Work request → Please write out exactly the line containing "TOM FORD Leather-Trimmed Shearling Peacoat" below and every line after it, through the last one, but leave out any pictures.

Information provided →
----------------

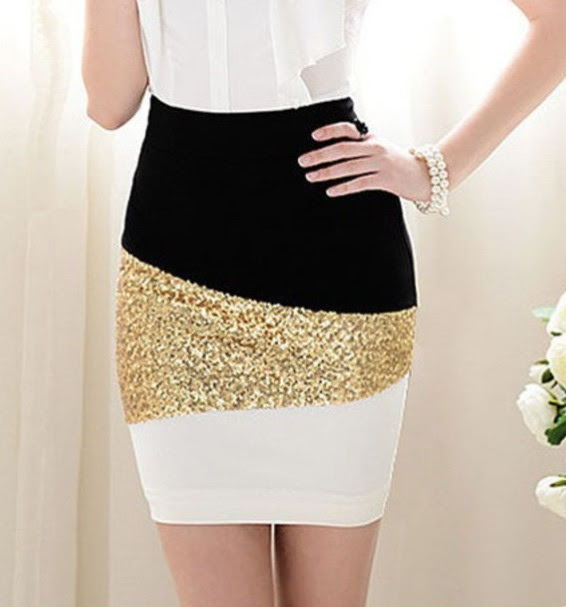 Black, white, gold skirt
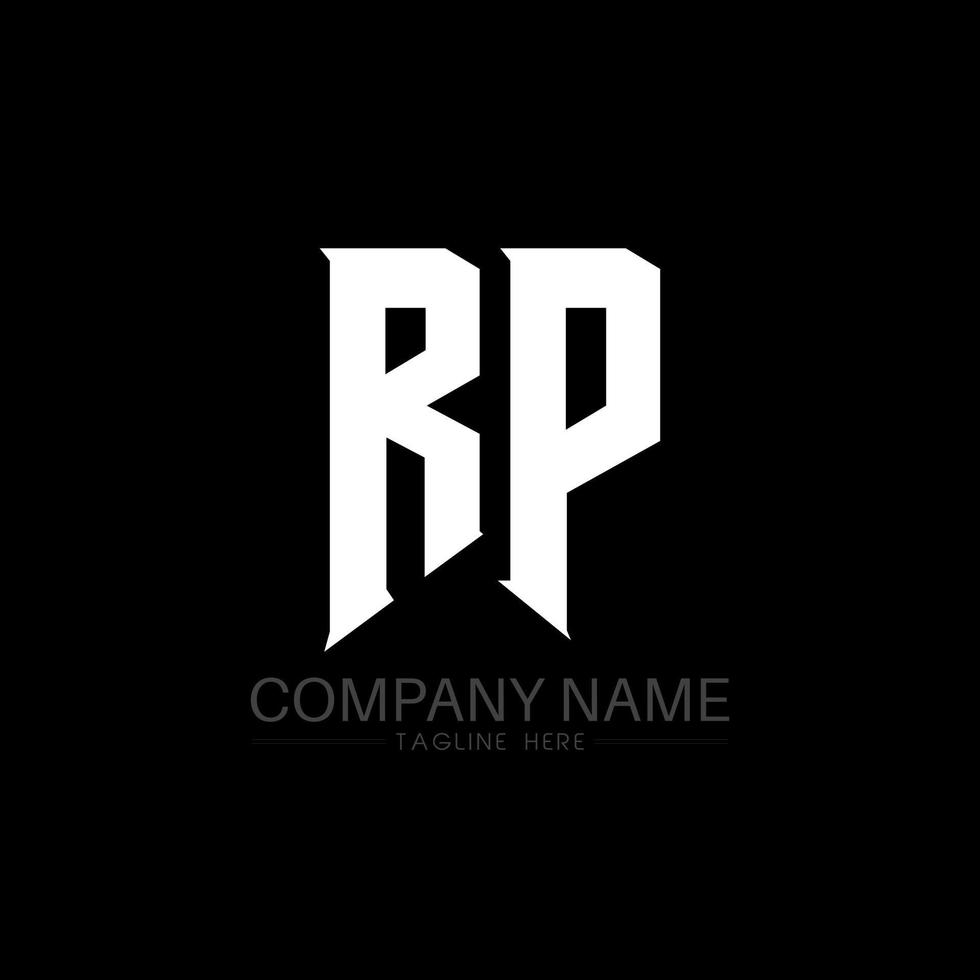 diseño de logotipo de letra rp. letras iniciales del icono del logotipo de rp gaming para empresas de tecnología. plantilla de diseño de logotipo mínimo de letra técnica rp. vector de diseño de carta rp con colores blanco y negro. rp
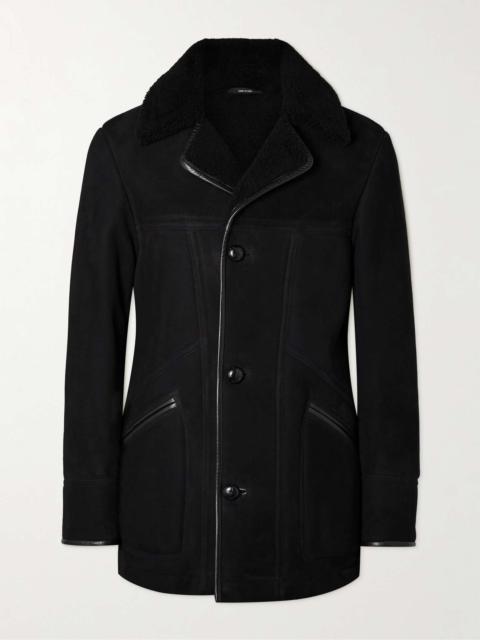 TOM FORD Leather-Trimmed Shearling Peacoat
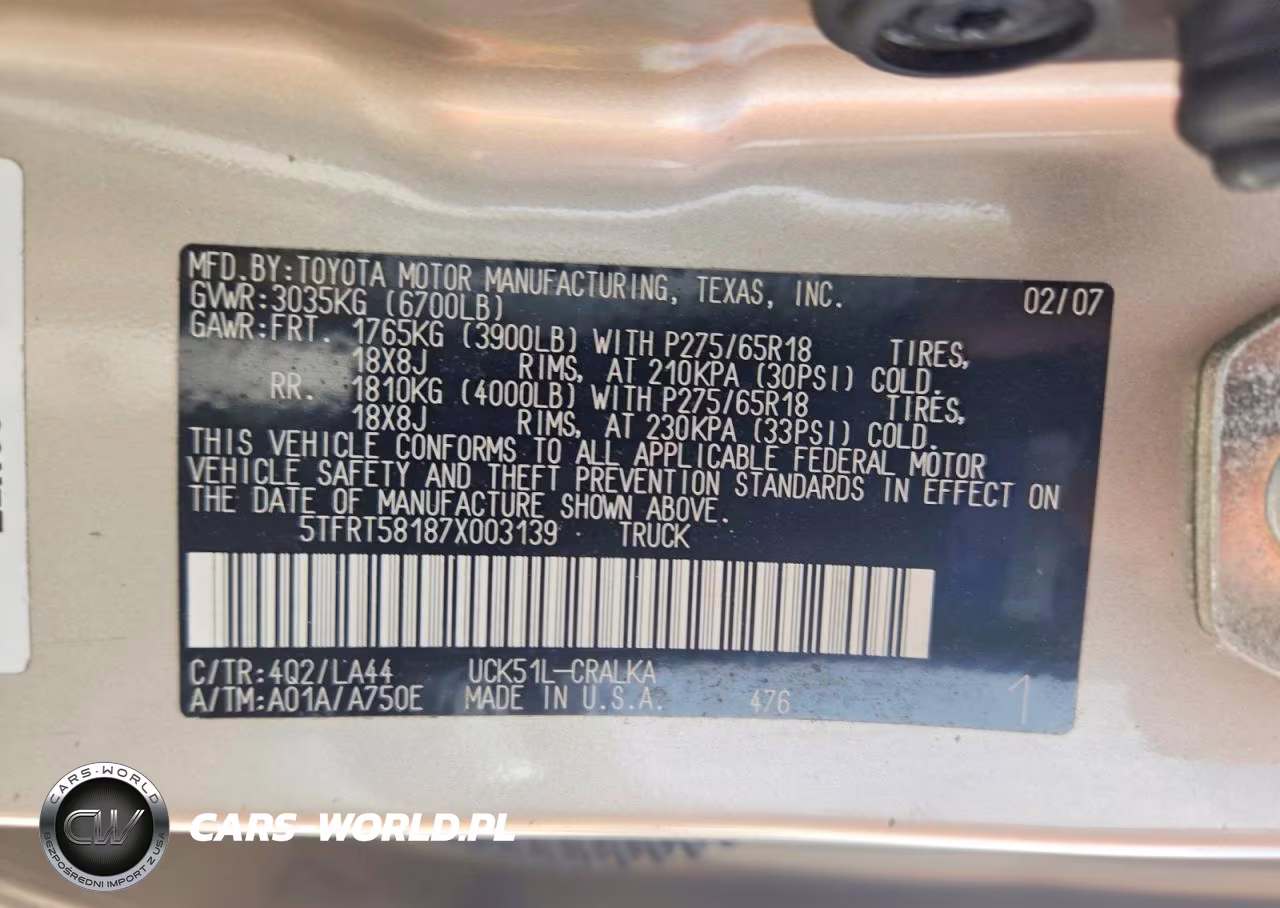 2007 Toyota Tundra Limited VIN:5TFRT58187X003139 - 12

----------------

Solution below →
 TOM FORD Leather-Trimmed Shearling Peacoat
 2007 Toyota Tundra Limited VIN:5TFRT58187X003139 - 12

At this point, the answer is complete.